Néonicotinoïdes : la France renonce aux dérogations

Lundi 23 janvier, le ministre français de l’Agriculture a annoncé que les néonicotinoïdes “tueurs d’abeilles” ne seraient plus autorisés dans le pays.

Marc Fesneau
Marc Fesneau, ministre français de l’Agriculture et de la souveraineté alimentaire, ici lors d’un Conseil Agriculture en septembre 2022. Crédits : European Union

Lundi 23 janvier, le ministre de l’Agriculture Marc Fesneau a déclaré renoncer à une “troisième année de dérogation sur l’enrobage des semences de betteraves” avec des néonicotinoïdes.

La fin des Néonicotinoïdes

Interdits depuis 2018 au sein de l’Union européenne, ces insecticides continuent pourtant à être utilisés dans une dizaine d’Etats membres. Le droit européen laisse en effet place à de possibles dérogations “dans des circonstances particulières […] en raison d’un danger qui ne peut être maîtrisé par d’autres moyens raisonnables”. 

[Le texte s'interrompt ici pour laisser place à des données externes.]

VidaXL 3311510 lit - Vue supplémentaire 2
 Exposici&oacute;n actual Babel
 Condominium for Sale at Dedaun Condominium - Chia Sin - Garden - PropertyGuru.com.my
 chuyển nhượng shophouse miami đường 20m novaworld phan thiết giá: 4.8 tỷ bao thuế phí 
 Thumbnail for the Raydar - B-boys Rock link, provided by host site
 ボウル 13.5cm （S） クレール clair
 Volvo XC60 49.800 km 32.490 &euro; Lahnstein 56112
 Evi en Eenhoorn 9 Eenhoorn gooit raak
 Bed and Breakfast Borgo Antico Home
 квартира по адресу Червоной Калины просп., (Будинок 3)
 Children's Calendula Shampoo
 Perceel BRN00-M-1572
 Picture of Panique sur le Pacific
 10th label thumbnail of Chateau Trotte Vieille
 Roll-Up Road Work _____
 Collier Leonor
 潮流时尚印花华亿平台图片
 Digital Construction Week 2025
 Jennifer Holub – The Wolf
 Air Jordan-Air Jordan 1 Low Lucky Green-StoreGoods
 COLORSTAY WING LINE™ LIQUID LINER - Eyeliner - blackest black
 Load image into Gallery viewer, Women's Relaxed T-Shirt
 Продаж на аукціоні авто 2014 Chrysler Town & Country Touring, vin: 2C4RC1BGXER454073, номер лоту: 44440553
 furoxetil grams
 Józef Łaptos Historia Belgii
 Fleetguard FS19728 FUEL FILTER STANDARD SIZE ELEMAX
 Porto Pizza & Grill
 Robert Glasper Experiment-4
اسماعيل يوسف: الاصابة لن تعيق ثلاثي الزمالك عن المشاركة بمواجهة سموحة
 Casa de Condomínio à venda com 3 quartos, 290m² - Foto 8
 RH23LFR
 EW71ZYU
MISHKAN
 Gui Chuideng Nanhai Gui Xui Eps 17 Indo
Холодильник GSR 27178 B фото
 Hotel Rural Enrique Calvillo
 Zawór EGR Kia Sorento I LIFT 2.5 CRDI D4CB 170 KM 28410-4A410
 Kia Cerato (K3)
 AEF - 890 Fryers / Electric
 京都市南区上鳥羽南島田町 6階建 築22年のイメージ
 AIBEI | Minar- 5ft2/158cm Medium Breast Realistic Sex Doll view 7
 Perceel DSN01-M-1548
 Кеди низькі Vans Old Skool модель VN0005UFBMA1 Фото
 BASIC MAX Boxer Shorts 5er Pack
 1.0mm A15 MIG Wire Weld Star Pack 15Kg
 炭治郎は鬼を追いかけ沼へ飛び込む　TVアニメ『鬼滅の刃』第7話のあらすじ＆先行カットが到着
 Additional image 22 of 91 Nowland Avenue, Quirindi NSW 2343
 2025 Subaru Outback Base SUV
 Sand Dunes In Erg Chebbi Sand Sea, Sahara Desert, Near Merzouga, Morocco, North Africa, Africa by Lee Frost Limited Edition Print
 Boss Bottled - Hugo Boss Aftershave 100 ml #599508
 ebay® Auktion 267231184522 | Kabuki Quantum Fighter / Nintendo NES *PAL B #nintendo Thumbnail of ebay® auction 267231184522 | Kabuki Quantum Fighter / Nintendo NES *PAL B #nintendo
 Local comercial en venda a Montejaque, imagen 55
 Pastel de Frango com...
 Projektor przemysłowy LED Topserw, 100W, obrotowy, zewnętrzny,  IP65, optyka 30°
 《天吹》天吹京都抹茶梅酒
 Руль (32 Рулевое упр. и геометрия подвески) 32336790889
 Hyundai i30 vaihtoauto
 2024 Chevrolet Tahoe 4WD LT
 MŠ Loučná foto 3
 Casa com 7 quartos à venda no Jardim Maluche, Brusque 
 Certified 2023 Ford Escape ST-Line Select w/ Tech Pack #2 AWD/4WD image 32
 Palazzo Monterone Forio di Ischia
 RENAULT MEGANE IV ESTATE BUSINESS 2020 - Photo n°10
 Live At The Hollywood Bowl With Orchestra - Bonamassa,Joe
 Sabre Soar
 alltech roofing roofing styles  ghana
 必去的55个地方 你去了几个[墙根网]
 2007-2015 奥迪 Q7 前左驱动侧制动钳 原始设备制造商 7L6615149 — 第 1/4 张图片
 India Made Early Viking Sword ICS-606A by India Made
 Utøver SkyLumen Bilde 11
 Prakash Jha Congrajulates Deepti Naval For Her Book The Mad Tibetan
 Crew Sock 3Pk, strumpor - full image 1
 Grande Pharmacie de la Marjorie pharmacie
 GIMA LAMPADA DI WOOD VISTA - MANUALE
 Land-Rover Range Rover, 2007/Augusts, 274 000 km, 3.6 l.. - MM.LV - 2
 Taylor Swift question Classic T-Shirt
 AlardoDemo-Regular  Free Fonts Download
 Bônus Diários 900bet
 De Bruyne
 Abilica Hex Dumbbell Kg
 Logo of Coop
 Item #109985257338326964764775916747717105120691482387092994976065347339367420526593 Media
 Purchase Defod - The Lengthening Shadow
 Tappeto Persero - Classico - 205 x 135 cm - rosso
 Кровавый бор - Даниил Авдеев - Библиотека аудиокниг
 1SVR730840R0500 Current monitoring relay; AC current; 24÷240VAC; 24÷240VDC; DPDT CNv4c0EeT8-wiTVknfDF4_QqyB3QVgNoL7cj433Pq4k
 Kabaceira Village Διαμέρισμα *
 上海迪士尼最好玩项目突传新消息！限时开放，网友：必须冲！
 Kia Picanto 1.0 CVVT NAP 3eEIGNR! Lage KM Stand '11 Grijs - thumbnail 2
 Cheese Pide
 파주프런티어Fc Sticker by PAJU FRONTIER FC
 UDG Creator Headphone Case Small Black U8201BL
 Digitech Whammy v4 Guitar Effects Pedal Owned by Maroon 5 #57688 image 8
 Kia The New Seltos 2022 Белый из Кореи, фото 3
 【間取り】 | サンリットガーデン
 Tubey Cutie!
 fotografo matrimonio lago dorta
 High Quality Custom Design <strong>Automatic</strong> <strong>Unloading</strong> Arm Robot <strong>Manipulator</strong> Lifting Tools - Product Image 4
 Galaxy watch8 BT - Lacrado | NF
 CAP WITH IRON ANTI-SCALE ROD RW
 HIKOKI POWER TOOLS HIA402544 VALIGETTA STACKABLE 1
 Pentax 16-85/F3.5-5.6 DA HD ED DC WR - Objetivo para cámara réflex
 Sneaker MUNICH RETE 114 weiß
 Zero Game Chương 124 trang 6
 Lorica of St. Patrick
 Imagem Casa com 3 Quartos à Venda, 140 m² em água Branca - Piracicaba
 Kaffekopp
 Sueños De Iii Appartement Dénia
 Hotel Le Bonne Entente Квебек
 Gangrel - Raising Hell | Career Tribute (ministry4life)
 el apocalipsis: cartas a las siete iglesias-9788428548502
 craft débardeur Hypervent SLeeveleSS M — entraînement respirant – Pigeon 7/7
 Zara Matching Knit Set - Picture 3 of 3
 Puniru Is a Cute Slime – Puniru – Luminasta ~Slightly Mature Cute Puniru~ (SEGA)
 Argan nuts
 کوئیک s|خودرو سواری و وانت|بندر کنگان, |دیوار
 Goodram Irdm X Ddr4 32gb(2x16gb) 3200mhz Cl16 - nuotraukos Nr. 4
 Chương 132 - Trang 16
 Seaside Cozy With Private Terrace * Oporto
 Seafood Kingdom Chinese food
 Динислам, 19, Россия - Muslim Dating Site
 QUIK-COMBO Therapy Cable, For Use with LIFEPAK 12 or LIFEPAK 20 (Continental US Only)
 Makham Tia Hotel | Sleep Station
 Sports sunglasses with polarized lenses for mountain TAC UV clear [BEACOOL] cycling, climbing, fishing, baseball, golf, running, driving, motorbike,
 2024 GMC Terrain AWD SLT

En France, une loi de 2020 envisage leur autorisation jusqu’au 1er juillet 2023. Deux de ces néonicotinoïdes sont efficaces contre la jaunisse des betteraves sucrières, la France étant le premier producteur européen en la matière. 

Le ministre français se conforme ainsi à une récente décision de la justice européenne. Quatre jours avant, le 19 janvier, un arrêt de la Cour de justice de l’Union européenne (CJUE) a en effet estimé que “les Etats membres ne peuvent déroger aux interdictions” dans le cas des semences traitées aux néonicotinoïdes. Ceux-ci sont particulièrement nocifs pour les abeilles et entraînent leur déclin, causant d’importants dommages en termes de biodiversité. 

Après un recours devant la justice belge, la Cour avait été saisie par le réseau d’associations Pesticide Action Network (PAN) Europe pour mettre fin aux nombreuses dérogations au sein de l’UE. 

Le ministre français a annoncé la mise en place d’aides en cas de perte de rendement des betteraviers. Le gouvernement souhaite également “déclencher une clause de sauvegarde auprès de la Commission européenne”, afin de s’assurer que les betteraves et le sucre importés de pays tiers soient également soumis à l’interdiction des néonicotinoïdes.

Un an de réflexion européenne

La directive sur l’utilisation durable des pesticides adoptée en 2009 vise à réduire les risques et les impacts de l’utilisation des pesticides sur la santé des populations et sur l’environnement. Cependant, elle a été critiquée pour sa piètre mise en œuvre dans la plupart des États membres.

Comme annoncé dans la politique alimentaire phare de la Commission, la stratégie « de la ferme à la table », cette dernière entend réviser la directive pour l’aligner sur les objectifs du Pacte vert européen (Green Deal) et atteindre l’objectif consistant à réduire de moitié l’utilisation des pesticides chimiques ainsi que les risques qui y sont liés.

Le ministre de l’époque, Julien Denormandie avait toutefois ajouté il y a un an sa marque à cette révision, notamment en voulant y garantir une référence à la législation distincte régissant les limites maximales de résidus (LMR) pour les pesticides.

« La nouvelle directive sur l’utilisation durable des pesticides doit permettre une harmonisation des pratiques à travers l’Europe, et je proposerais également, en tant que président du Conseil, que cette révision comprenne une disposition sur les limites maximales de résidus », avait-il confié aux journalistes avant sa première réunion du Conseil AGRIFISH en tant que président.

Cela permettrait de « contrôler ce qui arrive sur le territoire européen pour protéger nos producteurs et nos consommateurs », a-t-il ajouté, soulignant l’objectif d’« harmonisation interne, contrôle externe ».

Les traces que les pesticides laissent dans les produits traités sont appelées « résidus », et la limite maximale de résidus (LMR) est le niveau le plus élevé de résidus de pesticides qui est toléré par la loi dans ou sur les denrées alimentaires ou les aliments pour animaux lorsque les pesticides sont utilisés correctement.

À l’heure actuelle, la Commission européenne n’a pas présenté de projets de révision de la législation sur les LMR.

Elle a plutôt adopté une approche par substance, s’engageant à tenir compte des aspects environnementaux lors de l’évaluation des demandes de tolérances à l’importation pour certaines substances de pesticides qui ne sont plus autorisées dans l’UE, tout en respectant les normes et obligations de l’OMC.